# [Task item]
Extract every line between the one with "WLH Alexanders Tritthocker" and the end of the entries, both included, word for word and free of pictures.

# [Data extract]
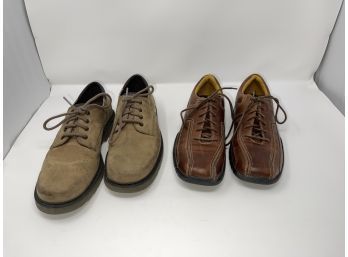 VERY USEFUL LOT OF 2 MENS ROCKPORT BROWN AND TAUPE SNEAKERS AND WORKSHOES SIZE 8.5M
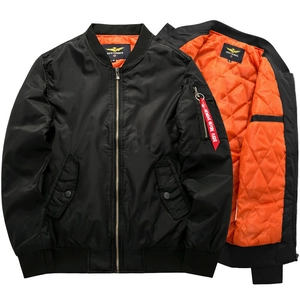 Chaqueta Bomber MA-1 para Hombre Clásica Chaqueta de Vuelo Nylon Acolchado Abrigo de Invierno Forro Naranja Cortavientos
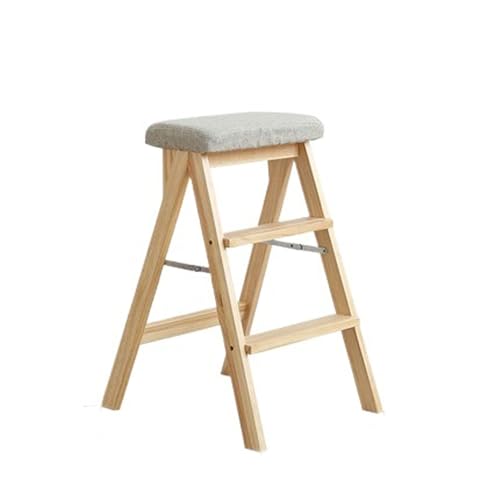 WLH Alexanders Tritthocker Klappbarer Treppenhocker, tragbarer Hochbank-Leiterstuhl aus Massivholz, geeignet for die Verwendung in Küche, Bad und Büro hocker(Plain) von WLH Alexanders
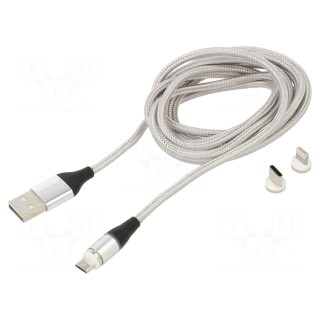 Cable | magnetic,USB 2.0 | 2m | grey | 480Mbps | textile | 3A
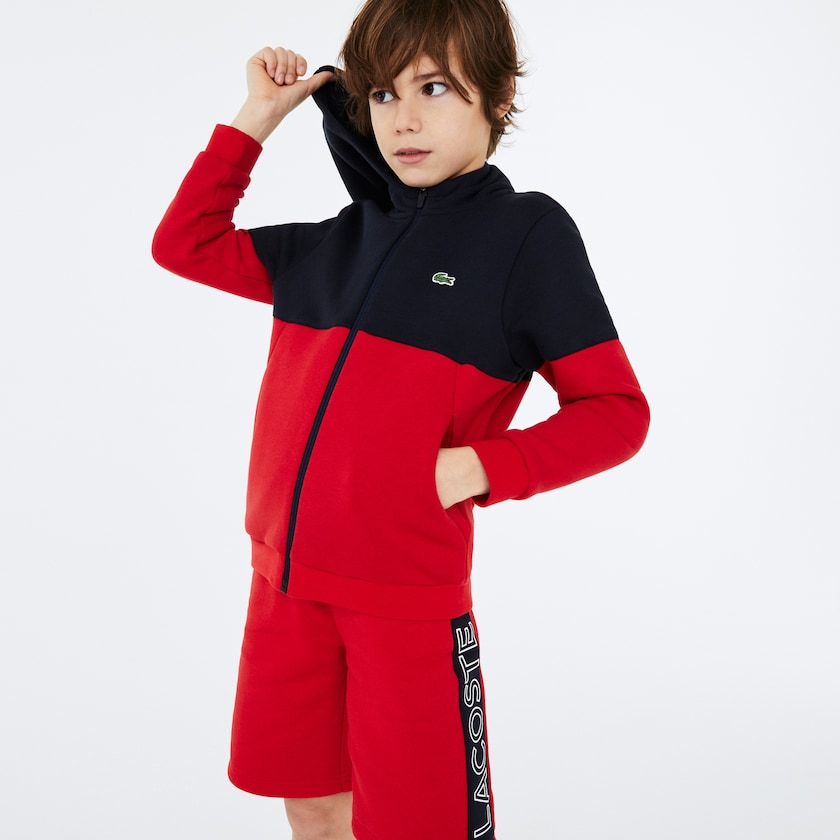 Jaquetas Azul Marinho Azuis Vermelhas Branco Criança Lacoste SPORT Colorblock Fleece Zip QK6-95199H2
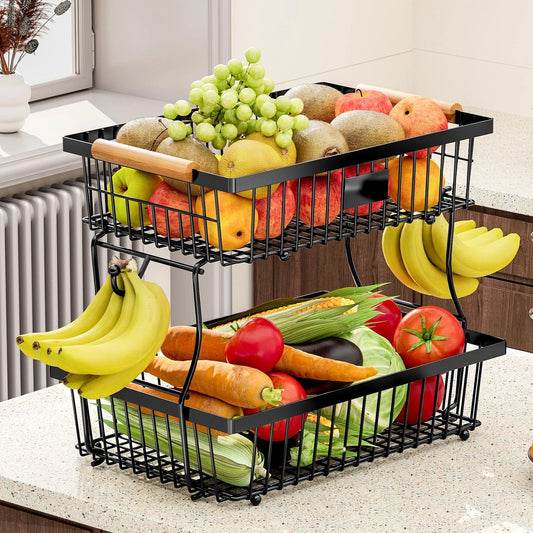 Black fruit and vegetable stand with various fruits and vegetables on a kitchen counter.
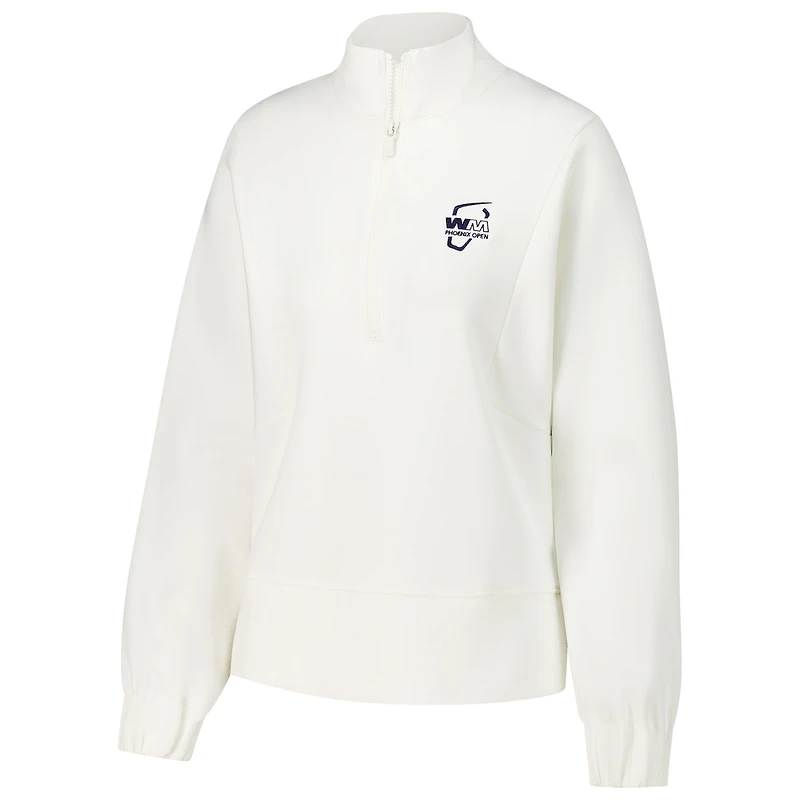 Sweat-shirt demi-zip en tricot tri-blend blanc WM Phoenix Open Flora pour femme Peter Millar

# [Your solution]
 WLH Alexanders Tritthocker Klappbarer Treppenhocker, tragbarer Hochbank-Leiterstuhl aus Massivholz, geeignet for die Verwendung in Küche, Bad und Büro hocker(Plain) von WLH Alexanders
 Cable | magnetic,USB 2.0 | 2m | grey | 480Mbps | textile | 3A
 Jaquetas Azul Marinho Azuis Vermelhas Branco Criança Lacoste SPORT Colorblock Fleece Zip QK6-95199H2
 Black fruit and vegetable stand with various fruits and vegetables on a kitchen counter.
 Sweat-shirt demi-zip en tricot tri-blend blanc WM Phoenix Open Flora pour femme Peter Millar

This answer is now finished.